Environment

Water Crisis: The Delta and Us

By DeDe Audet

Living, working, and playing here in Venice gives us environmentalists more in common with the California Delta than it is comfortable to think about. I am no exception. It gives me great pleasure to respond to criticism by saying “I have been saving water, power, and nonrenewable fuel by taking  two-minute showers, heating my household water on the roof by the sun, driving a Prius, and covering the whole front yard with bricks set in sand to let rain water percolate through.

But learning about the rising seas and California’s water crisis  makes me uneasy. Maybe it is time to face up to the problem.  Venice CA was a swamp before canal lots first sold for $5 down and $5 a month.  The California Delta was also a swamp.

Disappointed goldseekers turned to farming and began building levees to reclaim Delta swampland in the 1850’s.  Today it brings in an average $2 billion in crops per year and provides 12 million visitors with 290 shoreline recreation areas, 300 marinas for launching sportfishing, and 500,000 boaters.

But the Delta rests on shaky ground:  a bad earthquake will shake loose more than one of the hastily thrown together levees.  No one knows when that quake will occur.

On the other hand we do know the sea rises a bit more each year.  Even a little rise will affect the California Delta and our community of Venice.  What are we doing about that?  Has anyone come up with suggestions to build dikes against the oceans about to engulf us?  Of course not.
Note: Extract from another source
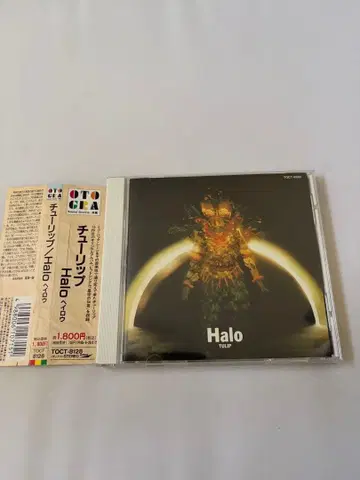 Halo 헤이로우 튤립 음장반 CD
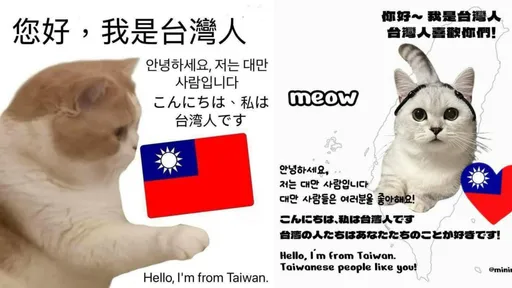 猫图「我台湾人」洗版过头！网酸丢脸、自卑　律师：引起反感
No one wants to believe it.

Sea rise is too big and too costly to think about.  (Consider please, if you still think global warming can be averted, on how to shut down the coal mines of China in time.) So, instead of planning for sea rise, Californians argue about the environment of a little fish called the Delta Smelt.         One bunch of Delta farmers hired lawyers to shut down the pumps bringing water to the farmers in the southern regions of the Delta and Southern California.  They were successful in showing a Federal judge in 2008 that changes in the Delta water flow caused endangerment of the Delta Smelt.  So the judge closed the pumps during breeding season.

Then the deprived group of Delta farmers contested the closure by bringing new information to the court.  In December 2010, the judge reopened the case saying “The 2008 (biological opinion findings) are arbitrary, capricious, and unlawful, and are remanded to Fish & Wildlife for further consideration in accordance with this decision and the requirements of law. . .”

What?

Now, in February 2010 comes this.  “The U.S. Department of Interior (boss of U.S. Fish and Wildlife) today announced a new policy aimed at ensuring the integrity of scientific and scholarly activities it uses, and appointed a Scientific Integrity Officer to coordinate the new policy’s implementation.”
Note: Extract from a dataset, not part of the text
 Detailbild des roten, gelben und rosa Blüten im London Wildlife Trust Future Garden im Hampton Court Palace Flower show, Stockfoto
Could this be a response to criticism of the techniques of determining risk to environmentally challenged species?  I addressed the use of risk techniques in 2008 when LADWP commissioned a study that “Used state-of-the-art analytical techniques (Stochastic modeling) to calculate the expected cost of LADWP owned solar projects (Measure B).”

Stochastic analysis modeling was originally called the Monte Carlo system, useful in predicting risk. The U.S. Fish and Wildlife findings in the first Delta Smelt case predicted 0 to 40% risk of extinction might be found for the Delta Smelt. (Now you know why the judge found the biological opinion findings capricious.)
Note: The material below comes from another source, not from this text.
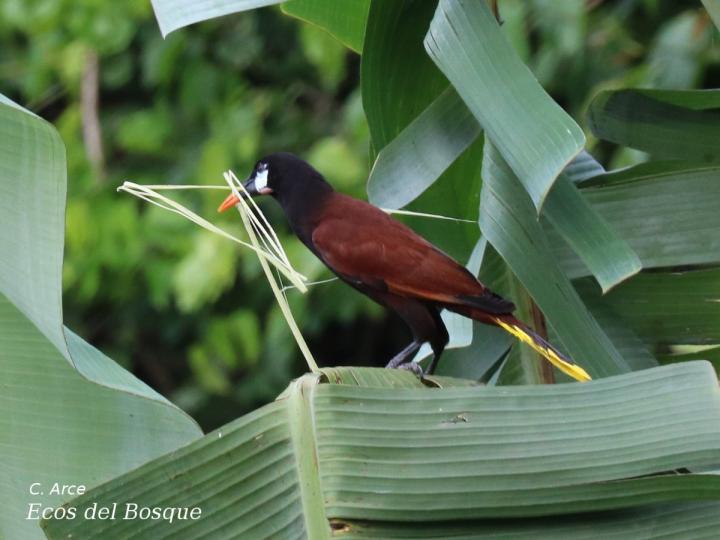 Psarocolius montezuma (Oropéndola)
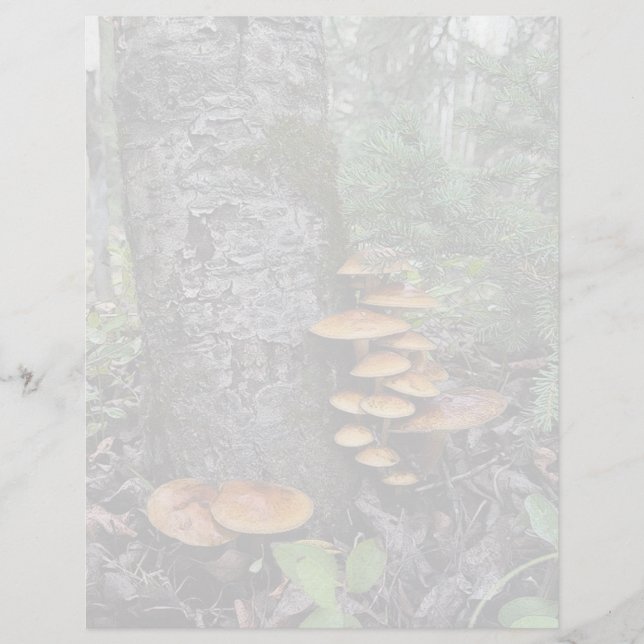 Bürsten - 8,5" x 11" Stationierblech (Vorderseite)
But who needs a model to tell us the sea is rising? Every  year someone measures it and tells us the sea measures higher than where it was the year before.  Yet, like arguing how many angels can dance on the head of a pin, Californians persist in spending time and money arguing suitable environment for a little fish that is sure to get lost when saltwater flowing through the Golden Gate engulfs the Delta.

Right beside my computer is a map produced by the California Institute.  It shows what will be covered by saltwater in our area when the sea rises 1.4 meter (55inches).  Most of Venice and all of Playa Vista will be under.  Whether it will occur in forty, fifty, or 100 years from now is unknown.  But we can predict it will happen.

As long as Southern California depends on the Delta for water to drink, there is little comfort knowing the Delta will probably go under saltwater before we do.